During the thinking and analysis of some mathematical problems, I came up with this puzzle:

![enter image description here][1]

Just like any magic square, one has to fill in $9$ different numbers $P_1, P_2, \dots P_9$ to a $3 \times 3$ grid. But this time, all the numbers must be **different prime numbers**. In addition, the $8$ sums ($3$ horizontal, $3$ vertical and $2$ diagonal) must not only be **different prime numbers** among themselves, but also be different from the $9$ numbers in the grid. In other words, $P_1, P_2, \dots, P_9, S_1, S_2, \dots, S_8$ must be **all different prime numbers**.

I suppose there are infinitely many solutions, so the challenge is to minimize the sum $S_1 + S_2 + \dots + S_8$. Here is one answer I found:

![enter image description here][2]

The total of the $8$ sums is $480$. I believe there are very likely solutions that can beat this total. You are welcome to have a try.

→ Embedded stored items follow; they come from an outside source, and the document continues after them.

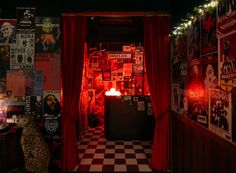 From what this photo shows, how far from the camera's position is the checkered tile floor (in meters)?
3.99

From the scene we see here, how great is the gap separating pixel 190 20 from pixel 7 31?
2928mm

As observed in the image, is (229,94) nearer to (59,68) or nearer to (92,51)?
(59,68)

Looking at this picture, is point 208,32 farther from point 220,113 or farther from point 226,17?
point 220,113

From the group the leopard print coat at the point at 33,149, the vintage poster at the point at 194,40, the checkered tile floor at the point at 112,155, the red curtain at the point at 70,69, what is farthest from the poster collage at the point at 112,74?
the vintage poster at the point at 194,40

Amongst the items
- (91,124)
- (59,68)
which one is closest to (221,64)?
(59,68)

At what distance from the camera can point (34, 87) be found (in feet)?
11.9

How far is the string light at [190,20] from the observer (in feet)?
7.44

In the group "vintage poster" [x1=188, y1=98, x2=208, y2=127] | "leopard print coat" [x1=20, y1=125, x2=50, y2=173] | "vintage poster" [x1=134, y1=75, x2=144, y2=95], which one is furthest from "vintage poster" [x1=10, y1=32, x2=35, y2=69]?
"vintage poster" [x1=134, y1=75, x2=144, y2=95]

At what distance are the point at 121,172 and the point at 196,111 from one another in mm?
1859

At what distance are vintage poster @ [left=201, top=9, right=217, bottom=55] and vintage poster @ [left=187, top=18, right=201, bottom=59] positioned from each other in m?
0.12

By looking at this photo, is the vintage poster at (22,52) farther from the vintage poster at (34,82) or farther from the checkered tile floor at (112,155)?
the checkered tile floor at (112,155)

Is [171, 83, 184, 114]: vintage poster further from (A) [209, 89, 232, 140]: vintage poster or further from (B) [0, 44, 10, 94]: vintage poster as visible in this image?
(B) [0, 44, 10, 94]: vintage poster

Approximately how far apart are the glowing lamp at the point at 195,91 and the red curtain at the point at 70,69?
6.24ft

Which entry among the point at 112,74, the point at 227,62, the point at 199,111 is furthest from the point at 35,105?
the point at 112,74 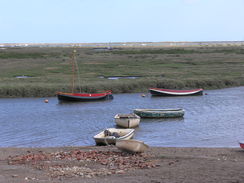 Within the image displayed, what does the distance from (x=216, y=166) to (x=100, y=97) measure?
2627 cm

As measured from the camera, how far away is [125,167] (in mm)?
15438

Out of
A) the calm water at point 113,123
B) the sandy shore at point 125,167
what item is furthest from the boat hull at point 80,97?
the sandy shore at point 125,167

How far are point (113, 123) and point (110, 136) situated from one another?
7.67 m

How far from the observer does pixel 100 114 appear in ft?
113

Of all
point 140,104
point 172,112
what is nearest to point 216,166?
point 172,112

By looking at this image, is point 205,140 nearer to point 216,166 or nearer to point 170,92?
point 216,166

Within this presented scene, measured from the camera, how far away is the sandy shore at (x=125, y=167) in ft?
45.7

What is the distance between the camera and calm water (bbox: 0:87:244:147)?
24.3 metres

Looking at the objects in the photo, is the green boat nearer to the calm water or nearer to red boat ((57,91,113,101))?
the calm water

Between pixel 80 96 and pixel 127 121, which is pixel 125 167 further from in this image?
pixel 80 96

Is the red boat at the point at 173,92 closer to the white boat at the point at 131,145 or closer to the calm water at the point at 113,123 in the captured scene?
the calm water at the point at 113,123

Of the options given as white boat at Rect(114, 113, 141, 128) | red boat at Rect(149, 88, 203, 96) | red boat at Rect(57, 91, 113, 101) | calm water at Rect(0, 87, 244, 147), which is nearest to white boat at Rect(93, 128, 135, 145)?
calm water at Rect(0, 87, 244, 147)

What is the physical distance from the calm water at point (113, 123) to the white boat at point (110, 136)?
1168 mm

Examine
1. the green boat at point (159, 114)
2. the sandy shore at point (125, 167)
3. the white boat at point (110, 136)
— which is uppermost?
the sandy shore at point (125, 167) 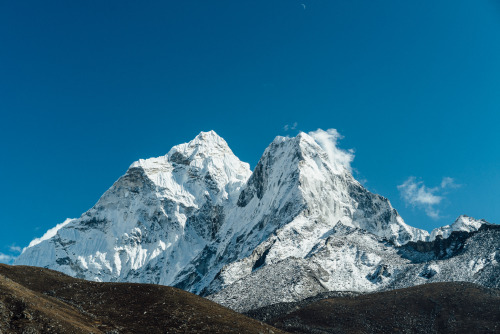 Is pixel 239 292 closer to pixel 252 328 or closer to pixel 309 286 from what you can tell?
pixel 309 286

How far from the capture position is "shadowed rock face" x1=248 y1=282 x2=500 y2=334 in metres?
137

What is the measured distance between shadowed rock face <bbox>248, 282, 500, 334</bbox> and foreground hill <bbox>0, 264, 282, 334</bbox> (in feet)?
176

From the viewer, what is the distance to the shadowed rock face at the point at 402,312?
137 metres

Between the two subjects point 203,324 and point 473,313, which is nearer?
point 203,324

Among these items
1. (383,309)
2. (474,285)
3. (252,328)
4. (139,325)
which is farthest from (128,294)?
(474,285)

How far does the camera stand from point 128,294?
9025cm

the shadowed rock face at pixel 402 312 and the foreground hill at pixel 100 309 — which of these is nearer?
the foreground hill at pixel 100 309

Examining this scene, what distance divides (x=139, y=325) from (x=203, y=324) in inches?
361

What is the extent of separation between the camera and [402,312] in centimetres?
14750

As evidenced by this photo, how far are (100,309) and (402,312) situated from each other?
308ft

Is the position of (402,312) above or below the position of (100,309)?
above

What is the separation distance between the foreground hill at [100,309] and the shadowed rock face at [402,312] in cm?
5374

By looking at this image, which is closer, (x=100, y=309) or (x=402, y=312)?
(x=100, y=309)

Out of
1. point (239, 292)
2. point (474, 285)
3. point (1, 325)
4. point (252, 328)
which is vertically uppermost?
point (474, 285)
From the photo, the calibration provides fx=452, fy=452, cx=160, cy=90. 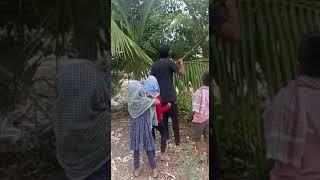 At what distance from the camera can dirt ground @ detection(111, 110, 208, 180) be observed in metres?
3.61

***Update (plus Spoiler Alert):*** It was verified (using computer program) that one of the answers here (the accepted answer) is the optimal solution that cannot be beaten. There are $8$ optimal solutions, but actually they are the same because if you rotate one of the solutions by $90$, $180$ and $270$ degrees, and also horizontally flip each of the resulting grid, you will get all $8$ answers. Hence the "open-ended" tag has been removed.

  [1]: https://i.sstatic.net/iTc0s.png
  [2]: https://i.sstatic.net/cj1yE.png